■ **Information shown**:
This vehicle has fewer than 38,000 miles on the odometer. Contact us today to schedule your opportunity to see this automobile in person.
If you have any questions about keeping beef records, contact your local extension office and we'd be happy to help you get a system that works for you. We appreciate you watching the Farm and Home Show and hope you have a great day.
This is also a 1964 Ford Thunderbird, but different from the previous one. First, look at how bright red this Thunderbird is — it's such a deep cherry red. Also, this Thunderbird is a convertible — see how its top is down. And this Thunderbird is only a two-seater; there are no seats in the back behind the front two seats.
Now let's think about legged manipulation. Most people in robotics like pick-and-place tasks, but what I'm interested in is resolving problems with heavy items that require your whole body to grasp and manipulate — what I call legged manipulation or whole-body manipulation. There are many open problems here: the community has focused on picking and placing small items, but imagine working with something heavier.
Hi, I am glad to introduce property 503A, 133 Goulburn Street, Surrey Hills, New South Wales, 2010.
==
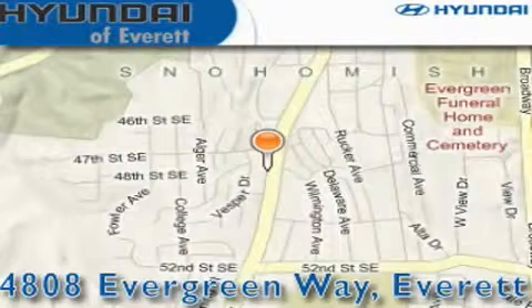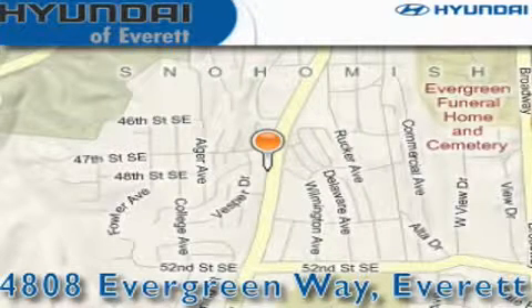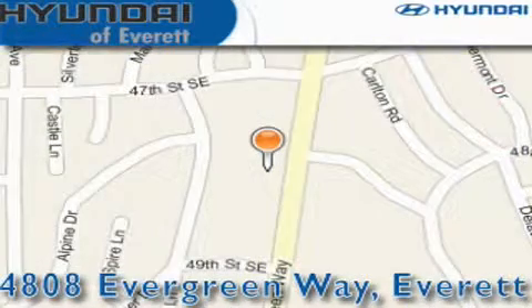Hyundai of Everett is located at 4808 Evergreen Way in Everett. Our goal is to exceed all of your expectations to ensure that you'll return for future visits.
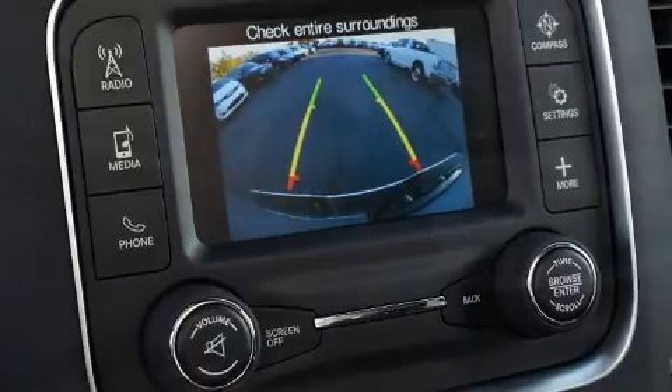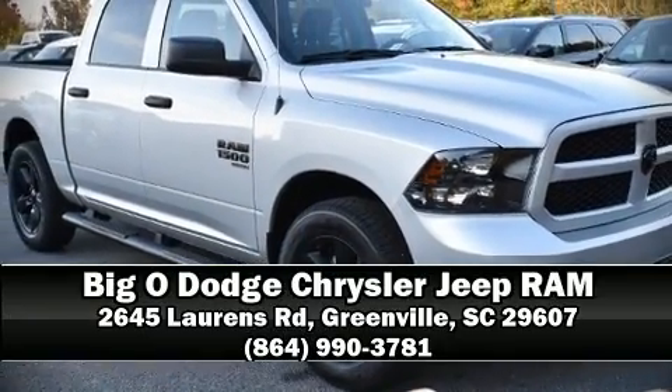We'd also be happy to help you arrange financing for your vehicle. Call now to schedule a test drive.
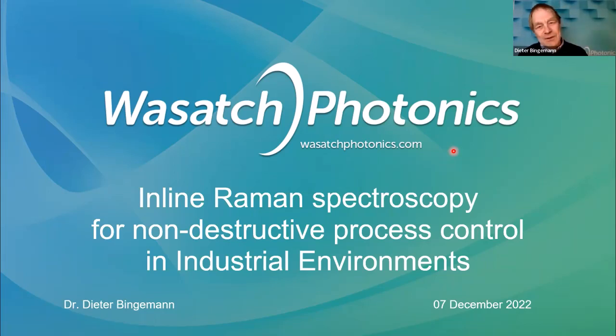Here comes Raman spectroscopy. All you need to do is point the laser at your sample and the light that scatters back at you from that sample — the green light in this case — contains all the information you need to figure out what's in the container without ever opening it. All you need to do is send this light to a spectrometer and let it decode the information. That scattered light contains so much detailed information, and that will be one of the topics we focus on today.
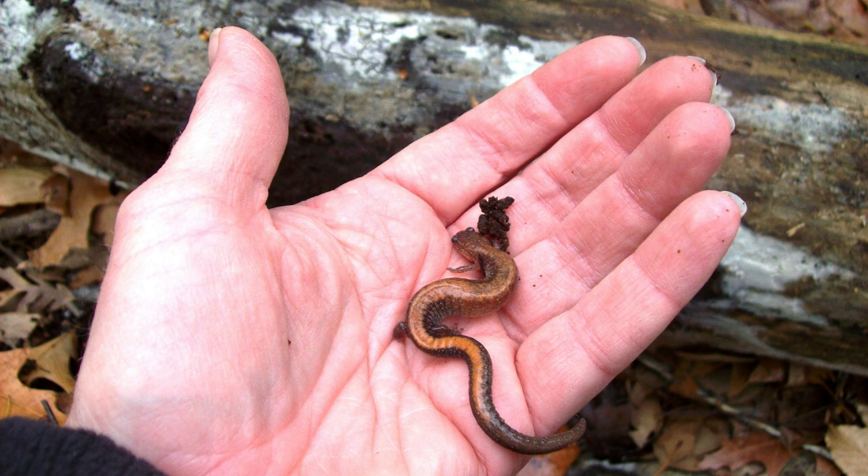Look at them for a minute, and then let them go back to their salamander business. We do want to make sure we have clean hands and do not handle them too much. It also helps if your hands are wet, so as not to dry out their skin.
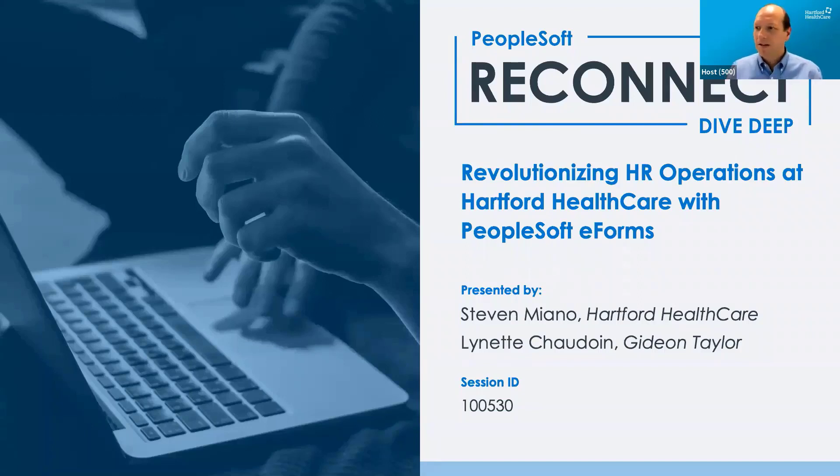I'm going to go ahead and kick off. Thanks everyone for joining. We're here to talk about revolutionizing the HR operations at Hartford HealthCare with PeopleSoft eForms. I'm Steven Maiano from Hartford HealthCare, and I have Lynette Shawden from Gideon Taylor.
--
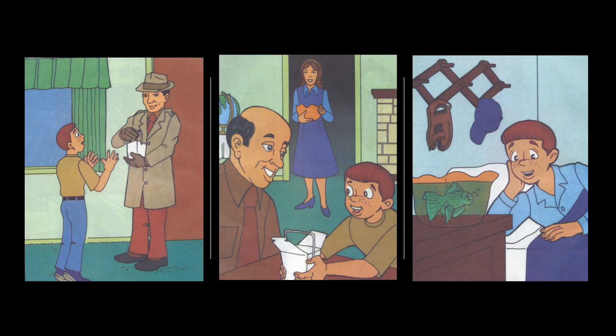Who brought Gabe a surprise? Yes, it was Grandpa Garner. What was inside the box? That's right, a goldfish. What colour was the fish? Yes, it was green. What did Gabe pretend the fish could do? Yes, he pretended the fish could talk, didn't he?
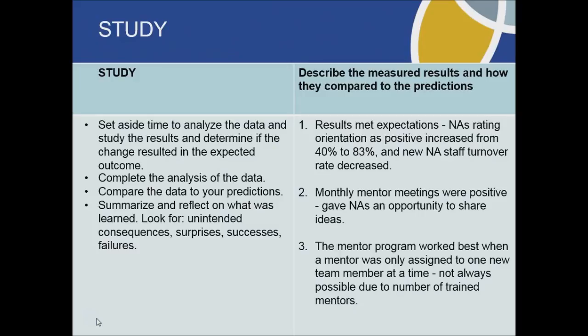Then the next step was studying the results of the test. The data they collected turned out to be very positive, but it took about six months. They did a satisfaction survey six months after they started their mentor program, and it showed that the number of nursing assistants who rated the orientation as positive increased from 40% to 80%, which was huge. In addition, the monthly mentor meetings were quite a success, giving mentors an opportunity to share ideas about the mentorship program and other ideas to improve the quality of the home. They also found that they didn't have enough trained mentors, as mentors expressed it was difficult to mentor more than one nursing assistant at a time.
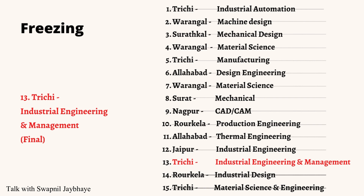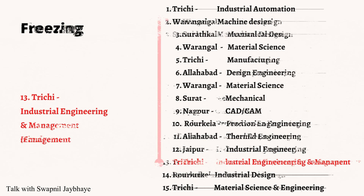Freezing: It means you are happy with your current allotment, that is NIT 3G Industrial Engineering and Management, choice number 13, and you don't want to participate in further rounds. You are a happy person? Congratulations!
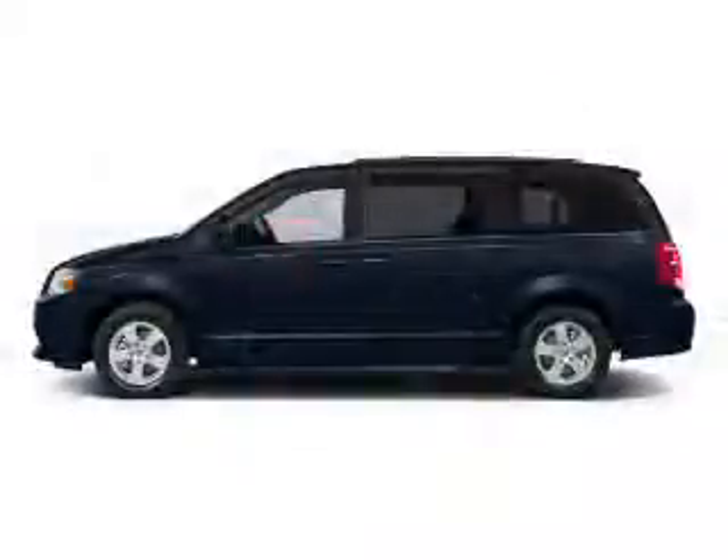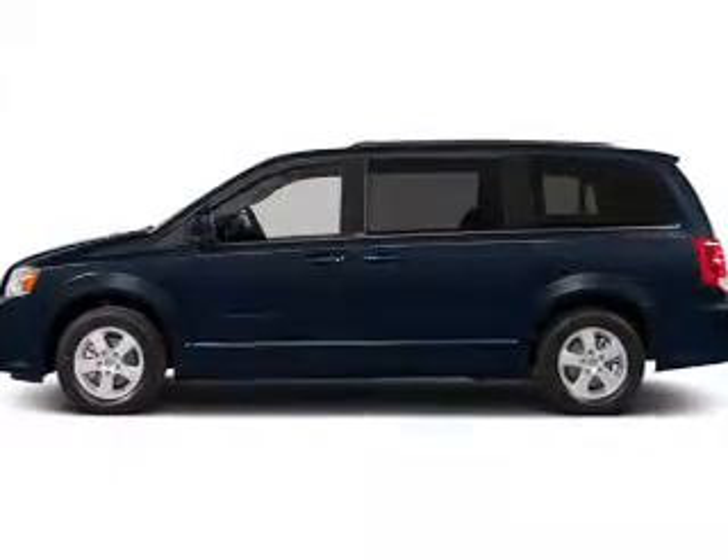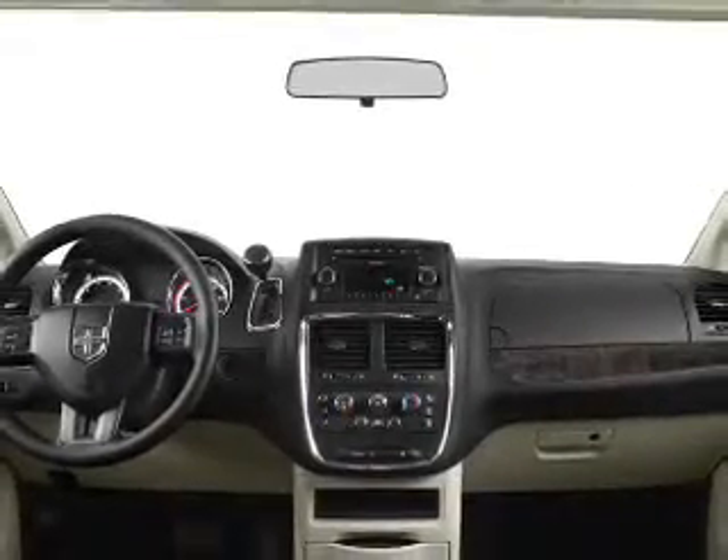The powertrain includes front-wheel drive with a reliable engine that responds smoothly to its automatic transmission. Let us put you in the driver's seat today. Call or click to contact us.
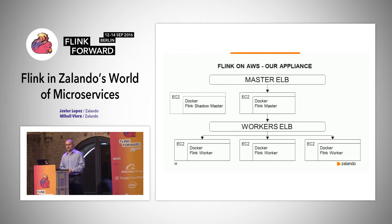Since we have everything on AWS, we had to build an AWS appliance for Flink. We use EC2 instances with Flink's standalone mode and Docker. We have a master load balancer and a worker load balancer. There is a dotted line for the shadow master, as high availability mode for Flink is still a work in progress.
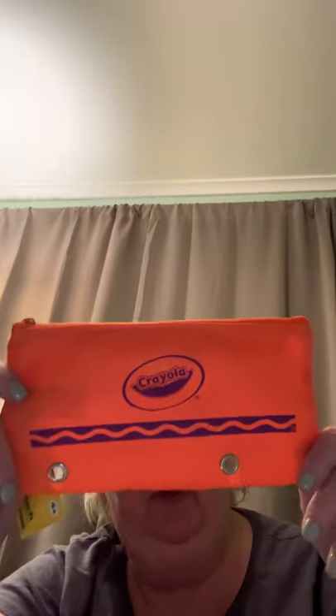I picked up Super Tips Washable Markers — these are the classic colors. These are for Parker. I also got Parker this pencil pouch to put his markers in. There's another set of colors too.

■ **Prompt**: The lines to extract from the data above begin with the line containing "This is also" and end with the line containing "Hi, I am glad". Extract them exactly, including both.

■ **Task answer**:
This is also a 1964 Ford Thunderbird, but different from the previous one. First, look at how bright red this Thunderbird is — it's such a deep cherry red. Also, this Thunderbird is a convertible — see how its top is down. And this Thunderbird is only a two-seater; there are no seats in the back behind the front two seats.
Now let's think about legged manipulation. Most people in robotics like pick-and-place tasks, but what I'm interested in is resolving problems with heavy items that require your whole body to grasp and manipulate — what I call legged manipulation or whole-body manipulation. There are many open problems here: the community has focused on picking and placing small items, but imagine working with something heavier.
Hi, I am glad to introduce property 503A, 133 Goulburn Street, Surrey Hills, New South Wales, 2010.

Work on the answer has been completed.